C’est évidemment la question qu’il faut se poser, sans espérer une seule seconde pouvoir lui donner une réponse, – et surtout pas une réponse raisonnable, comme par exemple une révision critique de l’absurde non-stratégie sanglante et déconstructrice de la politiqueSystème... Non, certainement pas ! Nous sommes au royaume de la démence, par conséquent s’attendre s’il vous plaît à une suite-démente...

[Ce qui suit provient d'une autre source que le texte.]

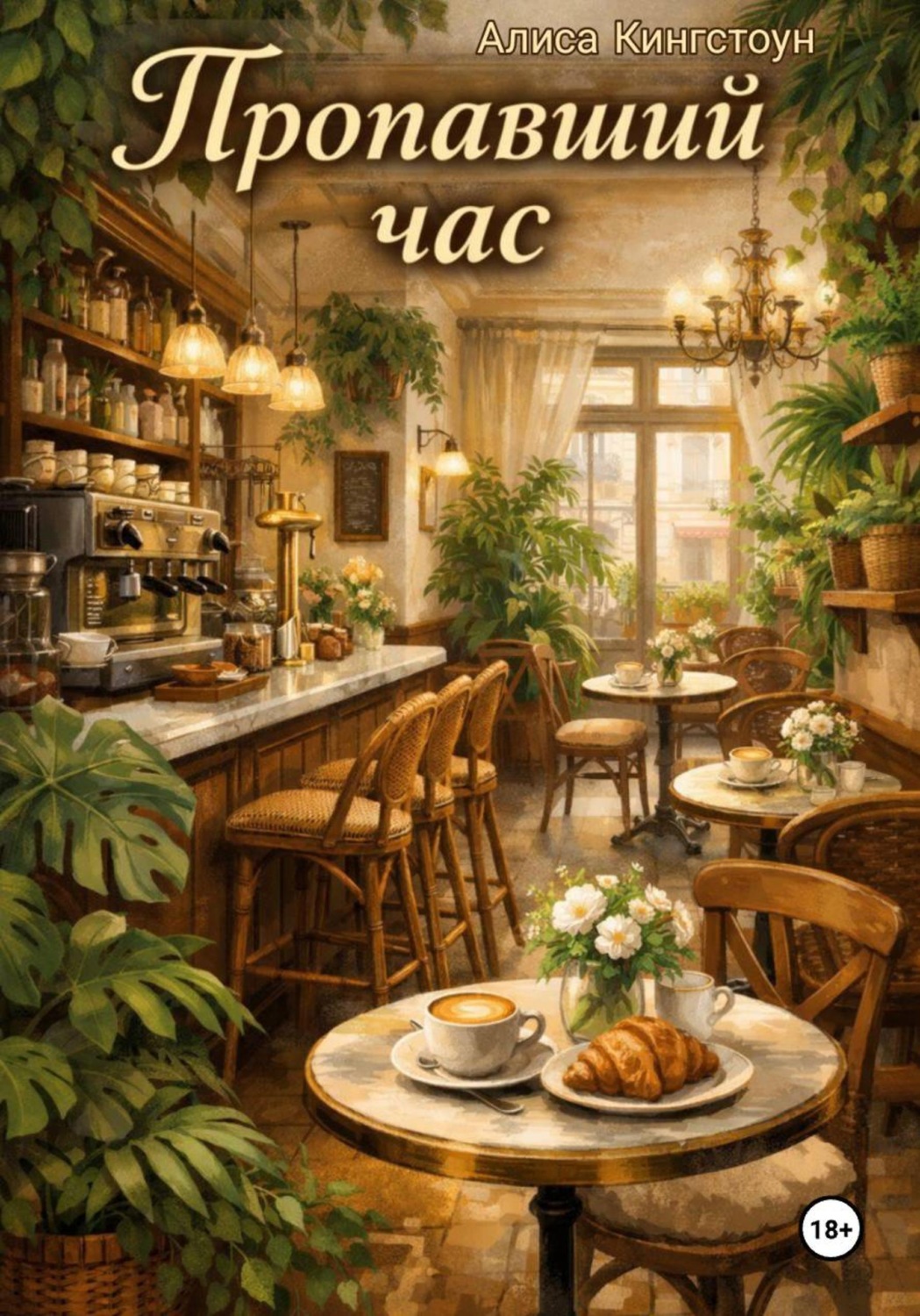 Обложка книги «Пропавший час»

Imaginer ce qu’une nouvelle dimension crisique, – la dimension afghane et politiqueSystème, – entrant dans la Grande Crise aux USA aurait comme effet est complètement inconcevable. Je crois bien l’avoir écrit plus d’une fois, et donc je me répète, mais cette fois avec le constat qu’on est peut-être, à lire les uns et les autres et notamment les critiques contre Biden-Système venues du Système lui-même, sur le point de passer de l’hypothétique au réel, c’est-à-dire à la vérité-de-situation du cas-dément, vraiment d’une “politique de dingue” comme l’autre Macron parlant du “pognon”.
Car souvenez-vous de ce que la conviction des choses et des êtres doit vous dire, et me fait dire certes, la situation crisique aux USA étant ce qu’elle est. L’entrée en scène de la dimension crisique afghane/politiqueSystème ne réduirait pas le reste, elle ne détournerait nullement l’attention en nous faisant oublier le wokenisme, la crise-Covid et tout ce qui s’ensuit, – non non, ces dimensions sont bien trop fortes, fixées comme autant d’arapèdes crisiques sur le grand corps couturé de cicatrices de l’américanisme. La dimension crisique afghane/politiqueSystème s’ajouterait au reste, créant de nouvelles causes créant de nouveaux effets d’accélération crisique agissant sur l’ensemble, accentuant le désordre, et ainsi de suite, et en plus avec l’inconnue de savoir quelle position les uns et les autres acteurs de la Grande Crise prendraient dans ce cas.
Non seulement “The Show Must Go On”, mais il doit aller jusqu’à l’explosion finale, jusqu’au bouquet de la désintégration. Alors, attendons voir, et bienvenu, Kaboul-2021.